#### Exercise objective
Restate word for word the line containing "this 640×480 image." and each line that follows it, through the last line below, and nothing else.

#### Data excerpts
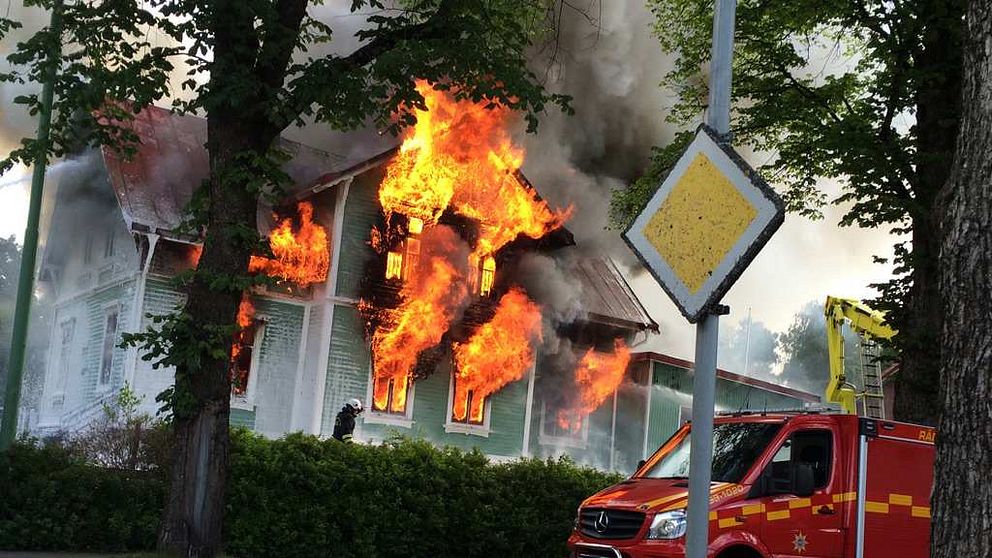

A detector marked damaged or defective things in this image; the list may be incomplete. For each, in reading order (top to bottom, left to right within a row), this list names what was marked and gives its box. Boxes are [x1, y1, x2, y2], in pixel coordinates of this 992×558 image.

broken window [99, 310, 119, 384]
broken window [231, 320, 262, 402]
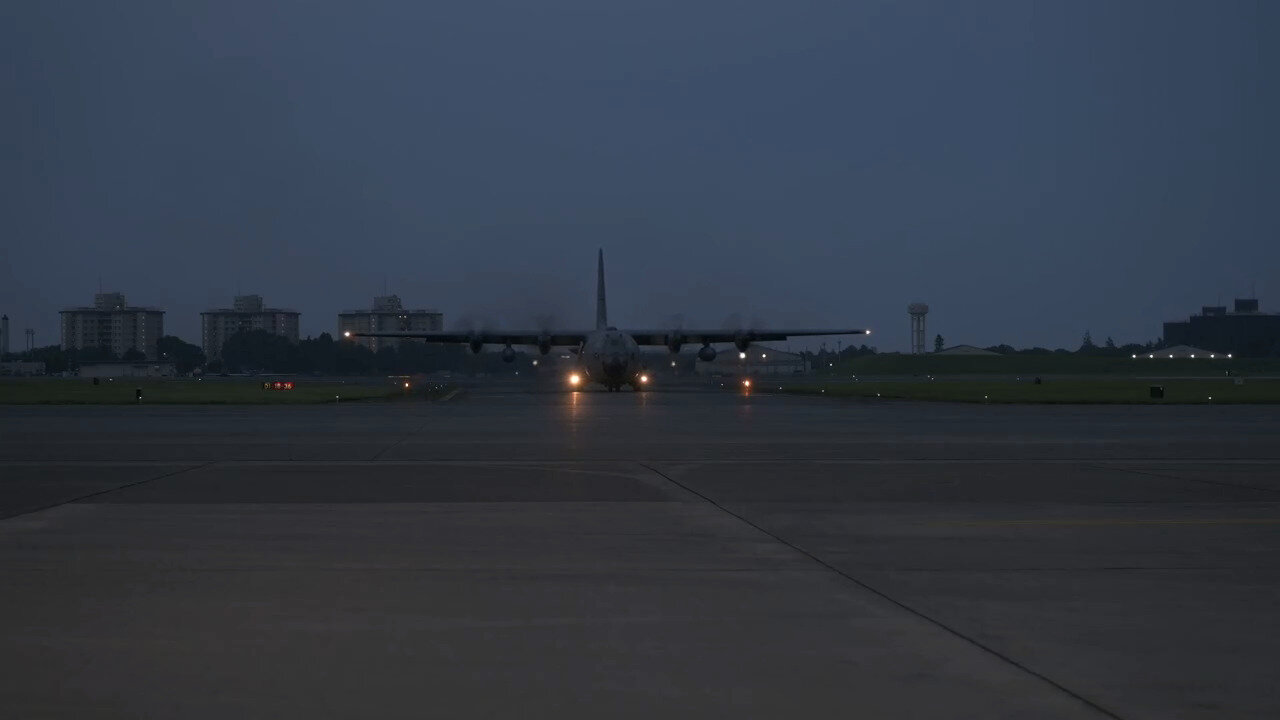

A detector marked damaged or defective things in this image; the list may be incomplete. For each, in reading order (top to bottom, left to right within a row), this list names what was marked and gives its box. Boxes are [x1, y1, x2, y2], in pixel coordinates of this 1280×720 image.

pavement crack [637, 458, 1121, 717]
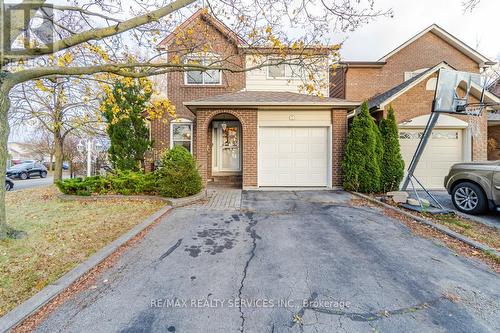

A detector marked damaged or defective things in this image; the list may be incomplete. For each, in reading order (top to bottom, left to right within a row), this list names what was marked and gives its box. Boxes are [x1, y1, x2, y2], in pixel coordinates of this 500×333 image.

crack in asphalt [159, 237, 183, 260]
crack in asphalt [238, 213, 262, 332]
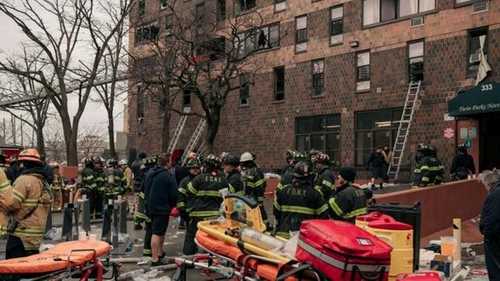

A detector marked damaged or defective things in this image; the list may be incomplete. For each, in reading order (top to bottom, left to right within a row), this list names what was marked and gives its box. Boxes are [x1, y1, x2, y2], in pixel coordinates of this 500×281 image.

broken window [408, 40, 424, 82]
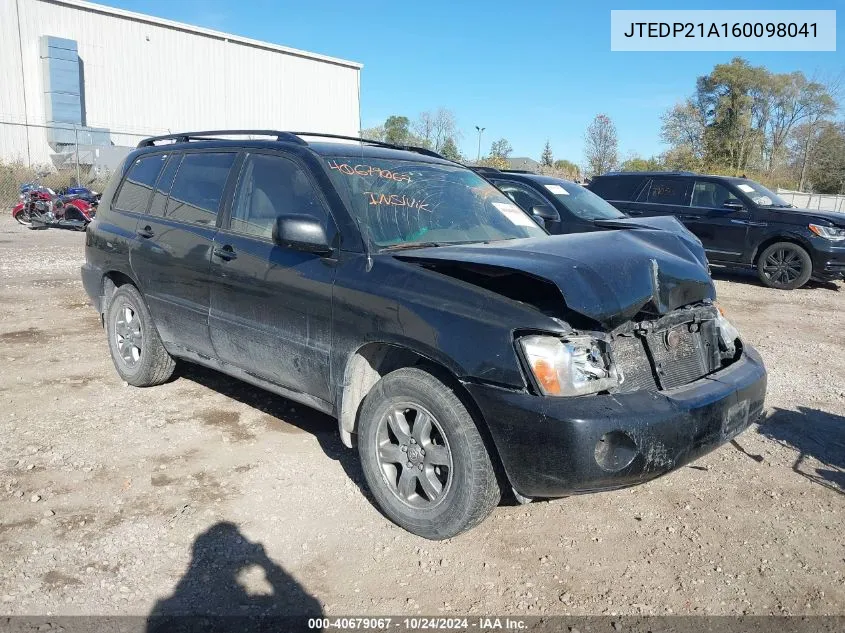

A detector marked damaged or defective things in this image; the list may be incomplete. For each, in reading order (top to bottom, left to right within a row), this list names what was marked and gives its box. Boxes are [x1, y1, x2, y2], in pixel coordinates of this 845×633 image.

crumpled hood [394, 226, 712, 328]
damaged headlight area [516, 336, 616, 396]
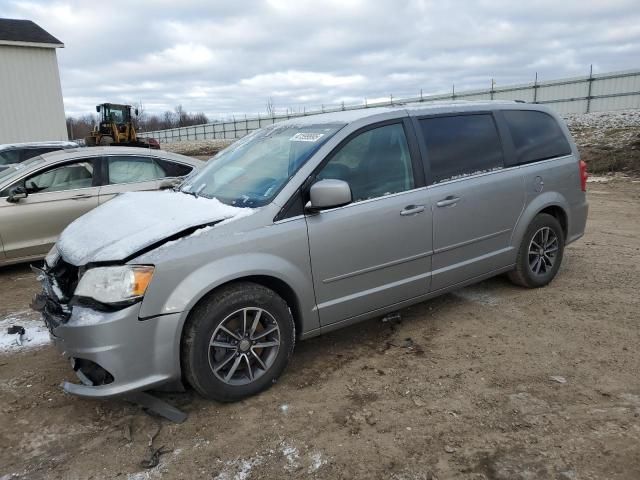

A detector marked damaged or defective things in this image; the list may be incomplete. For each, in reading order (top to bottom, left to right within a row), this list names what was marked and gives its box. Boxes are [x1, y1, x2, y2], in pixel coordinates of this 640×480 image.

damaged headlight [74, 266, 155, 304]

#### Exercise output
A detector marked damaged or defective things in this image; the list may be incomplete. For each, in reading order (top to bottom, left to right within a row), this list names what was marked and gives its box. Boxes are [x1, y1, x2, y2], in pixel coordinates of this 640×480 image.

damaged headlight [74, 266, 155, 304]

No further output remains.